Living, Dying, and Remembering Wonder

Living, Dying, and Remembering Wonder

Discussion date: Thu, May 18, 2023 at our weekly Thursday evening practice

Dear Still Water Friends,

Mark Wonder Thomas, a long-time Still Water practitioner, transitioned from his body this past Sunday, May 14th. When he was born in 1941, his parents wrote in “W.” as his middle name on his birth certificate. Apparently both his parents had relatives with names that started with a “W,” and they could not decide which one to use. So they agreed to let the boy figure it out for himself. It took Mark almost seventy years to conclude that the “W.” stood for Wonder, and he asked his Still Water friends to use that name.

Wonder was a friend and a stalwart of the Still Water community for more than twenty-eight years. He was generous and caring. He valued authenticity and connection. His Dharma sharing comments were vulnerable and self-deprecating, and sometimes included a just-created ditty. Throughout his last week his family and friends had many opportunities to tell him that they loved him and were grateful for all he had given them. His final moments were a peaceful letting go.

This Thursday evening, after our meditation, we will remember Wonder and also explore together what it actually means to live and to die. It was a subject Thich Nhat Hanh (Thay) often addressed.

In 2014 I participated in the “What Happens When We Die?” retreat at Plum Village. In a blog post I summarized what was for me the core teaching of the retreat:

Among the participants in the 21-day retreat were corn seeds that the sisters and brothers had planted several weeks before the retreat. Often they sat in little pots on the podium next to Thay. From time to time, Thay would have a conversation with them: “Dear little corn plant, do you remember when you were a seed? Are you the same as that seed? Are you different from that seed?”

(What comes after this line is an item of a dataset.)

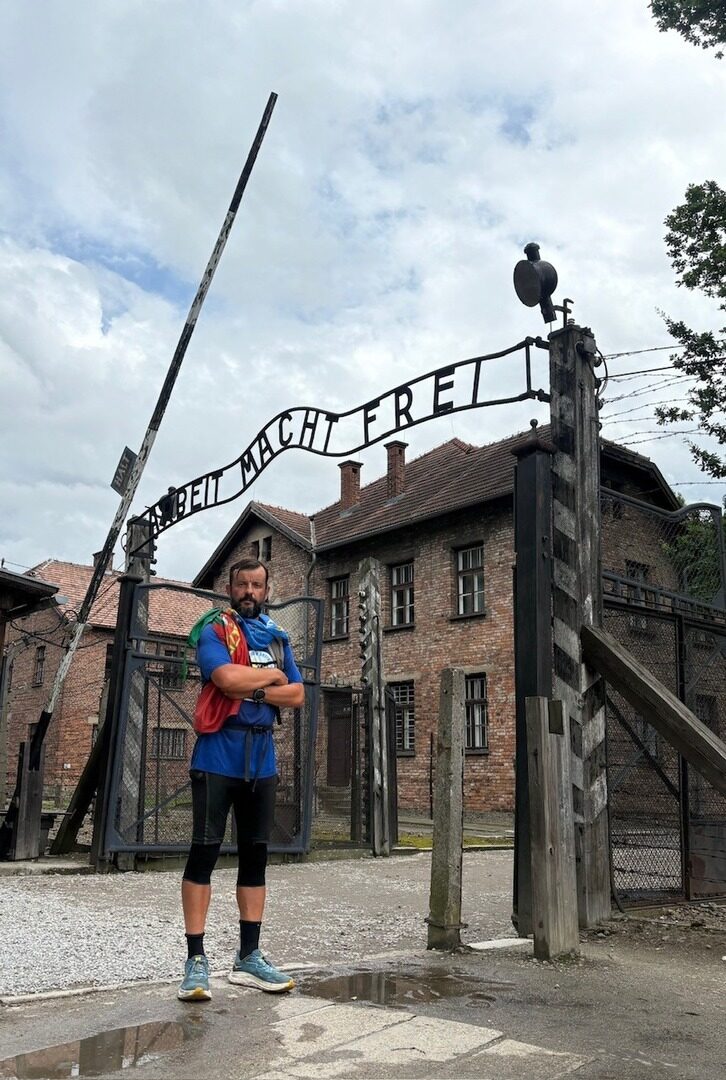 Run for Peace - Pedro Queirós en las puertas de Auschwitz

Then he would answer: “You are both the same and different. You are the continuation of the seed. You are the seed in new form.”

And then he would extend the insight, “It is the same with the parent and the child. With Jesus and his followers, with the cloud and the rain.” They are all the same and different.

Toward the end of the retreat, Thich Nhat Hanh offered a short answer to the question “What happens when we die?

“We don’t die!”

If we can see the corn seed in the corn plant, then we can see our continuations in other forms. It is an insight that releases us from many fears and forms of sufferings. Rather than thinking in terms of being and non-being, birth and death, it helps if we use phrases such as manifestation and continuation to remind ourselves of the corn seed and the corn plant.

You are invited to be with us this Thursday evening.

Warm wishes and many blessings,

Mitchell Ratner


The Insight of Emptiness is a Bridge, from a 2014 blog post by Mitchell Ratner

The tradition of mindfulness practice teaches that there are two dimensions or ways of looking at the world.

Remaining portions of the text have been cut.